Надо бы ей отодвинуться.

Но она не могла заставить себя пошевелиться.

Дыхание его было равномерным, ритмичным. Он крепко спал. Она лежала тихо, стараясь не побеспокоить его, глаза ее были закрыты: она смаковала ощущение прижавшегося к ней большого мужского тела.

Это вам не утренние мечты. Это было гораздо лучше...

Ее теплая, толстая, целомудренная ночная сорочка задралась до талии, и голые бедра плотно прижались к его обнаженному телу.

Его согнутое колено лежало между ее бедрами, плотно прикасаясь к треугольничку между ногами. При каждом дыхании колено чуть-чуть шевелилось и слегка терлось об нее.

Сама того не сознавая, она стала в ответ прижиматься к нему, прогибая спину. Это вызвало дрожь во всем ее теле, мощную волну чувств, которая...

— Мэдди, когда мы будем завтракать? — раздался сверху голос.

Она торопливо отодвинулась. Оправила сорочку, закуталась в вязаную шаль и соскользнула с кровати. Ледяной пол моментально охладил разгоряченное тело, вернув ее к реальности.

Она заметалась по коттеджу, поставила вариться кашу, наскоро умылась и переоделась в буфетной. Она играла с огнем. Что, если бы он проснулся?

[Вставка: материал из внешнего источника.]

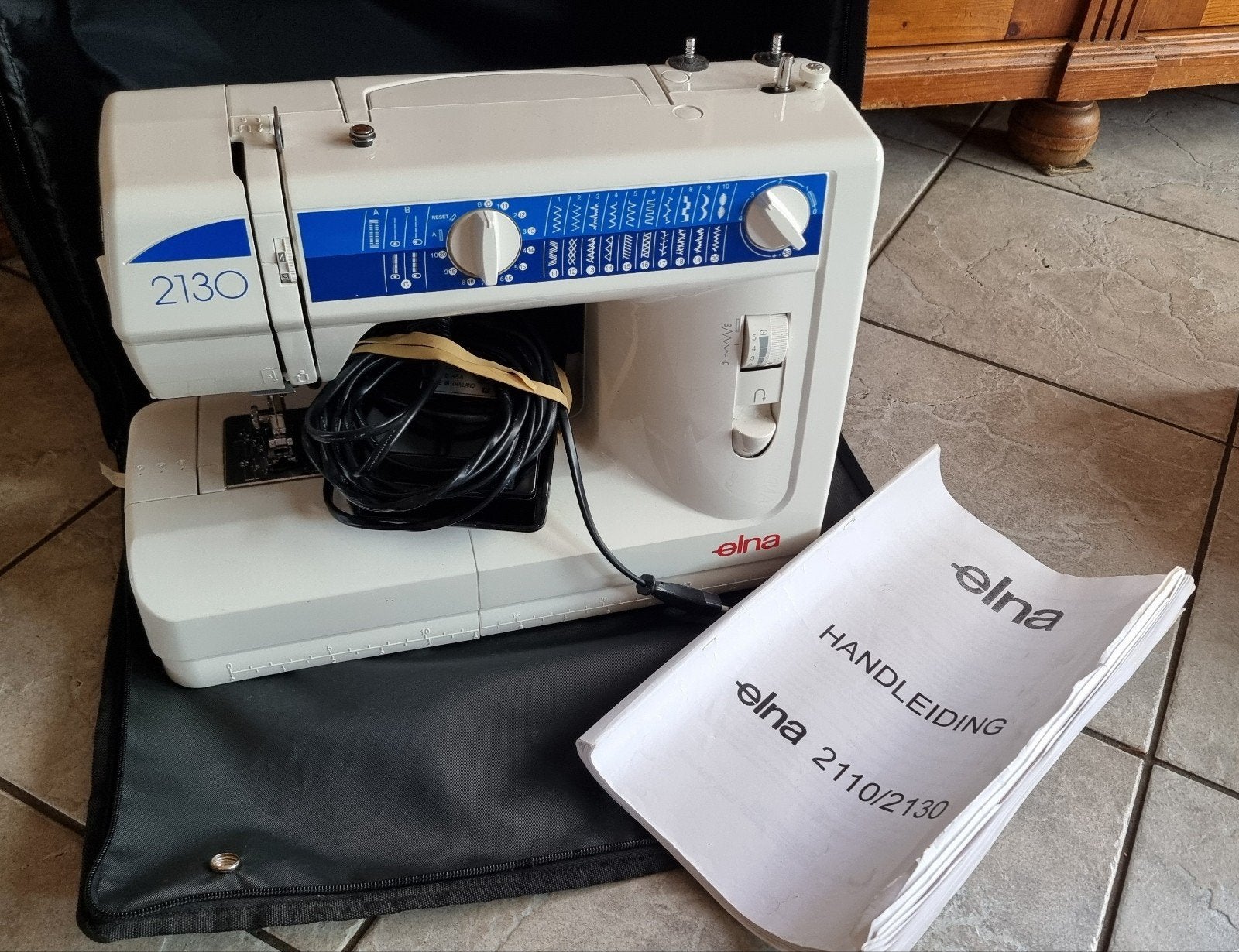 elna naaimachine 2110/2130, Hobby en Vrije tijd, Naaimachines en Toebehoren, Ophalen, Gebruikt, Naaimachine, Overige merken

Ее охватило смущение. Она всегда считала себя женщиной с сильным характером, но, как оказалось, не могла сопротивляться даже прикосновению лежащего без сознания мужчины.

Если утренние мечты выбивали ее из колеи, то это... как бы это ни называлось, это напрочь лишало ее покоя.

— Сегодня нам идти к викарию, ты не забыла? — напомнила, спускаясь по лестнице, Джейн, за которой следовали ее сестры.

— Нет. Просто я проспала и забыла о времени.

— Этот человек все еще болен? — спросила Люси.

Мэдци улыбнулась:

— Ночью жар у него прекратился, и теперь он мирно спит.

— Опять? — воскликнула Люси. — Он никогда не проснется, если...

— Иди умойся, — сказала Мэдди, легонько подтолкнув ее. — Завтрак будет готов через минуту.

— Мэдди, — сказал, спустившись по лестнице.

Джон, который прижимал к себе кожаную сумку.

Она увидела выражение его лица и вздохнула.

— Что ты сделал на сей раз?

Он скорчил гримасу.

— Речь скорее о том, чего я не сделал.

Она взглянула на сумку, которую дал мальчикам викарий, чтобы носить в ней его драгоценные книжки.

— Ты забыл прочитать то, что было задано?

— Нет, но викарий несколько дней назад просил меня передать это тебе, а я забыл.

Он протянул ей стопку белой одежды, аккуратно выглаженной и сложенной. Она взяла верхнюю вещь и встряхнула.

— Это собственные ночные рубахи викария, — объяснил Джон. — Это для него. — Джон мотнул головой в сторону кровати. — Дело в том, Мэдди, что викарий дал это мне в первый день и сказал, чтобы я не вынимал их в присутствии девочек. Он сказал, чтобы Генри и я сами переодели мужчину или попросили доктора сделать это, а я позабыл. Он сказал, что это мужская работа и что я, как мужчина в семье, обязан сделать ее вместо тебя.

— Понятно, — сказала Мэдди.

— Тебе придется рассказать об этом ему? Я имею в виду викария? — с надеждой в голосе спросил Джон.